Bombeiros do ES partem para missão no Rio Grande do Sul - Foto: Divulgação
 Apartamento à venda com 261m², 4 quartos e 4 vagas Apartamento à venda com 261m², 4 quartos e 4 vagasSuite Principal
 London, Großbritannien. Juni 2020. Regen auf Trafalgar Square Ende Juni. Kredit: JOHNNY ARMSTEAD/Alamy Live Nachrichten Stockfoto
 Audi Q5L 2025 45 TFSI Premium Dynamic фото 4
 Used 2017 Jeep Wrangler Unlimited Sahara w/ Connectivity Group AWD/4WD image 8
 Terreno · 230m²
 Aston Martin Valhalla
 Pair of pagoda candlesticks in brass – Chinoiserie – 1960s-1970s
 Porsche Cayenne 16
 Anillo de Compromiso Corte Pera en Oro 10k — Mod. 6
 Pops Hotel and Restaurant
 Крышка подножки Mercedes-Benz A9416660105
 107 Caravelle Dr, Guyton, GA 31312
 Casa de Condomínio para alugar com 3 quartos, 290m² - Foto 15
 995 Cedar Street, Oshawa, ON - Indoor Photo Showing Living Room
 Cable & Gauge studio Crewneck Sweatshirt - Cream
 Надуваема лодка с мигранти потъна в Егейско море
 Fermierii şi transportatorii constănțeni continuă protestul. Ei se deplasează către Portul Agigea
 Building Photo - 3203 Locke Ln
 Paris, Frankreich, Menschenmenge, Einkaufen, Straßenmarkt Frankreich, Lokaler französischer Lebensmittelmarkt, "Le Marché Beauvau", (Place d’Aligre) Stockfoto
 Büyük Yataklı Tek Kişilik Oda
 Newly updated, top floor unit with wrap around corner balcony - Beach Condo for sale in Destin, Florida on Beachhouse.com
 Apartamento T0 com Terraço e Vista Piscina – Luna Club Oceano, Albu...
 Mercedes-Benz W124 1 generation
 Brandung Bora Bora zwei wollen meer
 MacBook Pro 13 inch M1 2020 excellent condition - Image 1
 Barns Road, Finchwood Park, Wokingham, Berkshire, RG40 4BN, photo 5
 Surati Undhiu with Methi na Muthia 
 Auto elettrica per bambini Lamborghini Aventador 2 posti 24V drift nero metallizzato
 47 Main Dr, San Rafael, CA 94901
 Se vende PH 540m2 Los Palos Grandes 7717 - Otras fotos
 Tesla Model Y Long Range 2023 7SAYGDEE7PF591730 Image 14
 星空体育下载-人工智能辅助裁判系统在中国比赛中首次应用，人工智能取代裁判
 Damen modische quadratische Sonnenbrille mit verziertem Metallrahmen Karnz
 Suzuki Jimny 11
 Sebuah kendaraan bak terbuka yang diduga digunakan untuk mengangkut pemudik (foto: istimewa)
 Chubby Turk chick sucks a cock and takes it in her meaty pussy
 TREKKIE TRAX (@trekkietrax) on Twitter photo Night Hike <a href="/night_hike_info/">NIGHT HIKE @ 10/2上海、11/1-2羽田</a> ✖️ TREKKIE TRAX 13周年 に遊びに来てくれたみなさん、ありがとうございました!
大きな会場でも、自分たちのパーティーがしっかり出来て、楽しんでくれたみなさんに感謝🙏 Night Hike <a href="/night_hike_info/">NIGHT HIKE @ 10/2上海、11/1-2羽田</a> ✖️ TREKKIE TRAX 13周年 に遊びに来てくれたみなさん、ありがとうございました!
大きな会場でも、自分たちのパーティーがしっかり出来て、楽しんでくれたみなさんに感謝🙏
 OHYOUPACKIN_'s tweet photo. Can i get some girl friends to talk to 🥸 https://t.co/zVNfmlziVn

____________

> Problem
Copy each line of the data that contains the word "楽しんでくれたみなさんに感謝".

> Finished exercise
大きな会場でも、自分たちのパーティーがしっかり出来て、楽しんでくれたみなさんに感謝🙏 Night Hike <a href="/night_hike_info/">NIGHT HIKE @ 10/2上海、11/1-2羽田</a> ✖️ TREKKIE TRAX 13周年 に遊びに来てくれたみなさん、ありがとうございました!
大きな会場でも、自分たちのパーティーがしっかり出来て、楽しんでくれたみなさんに感謝🙏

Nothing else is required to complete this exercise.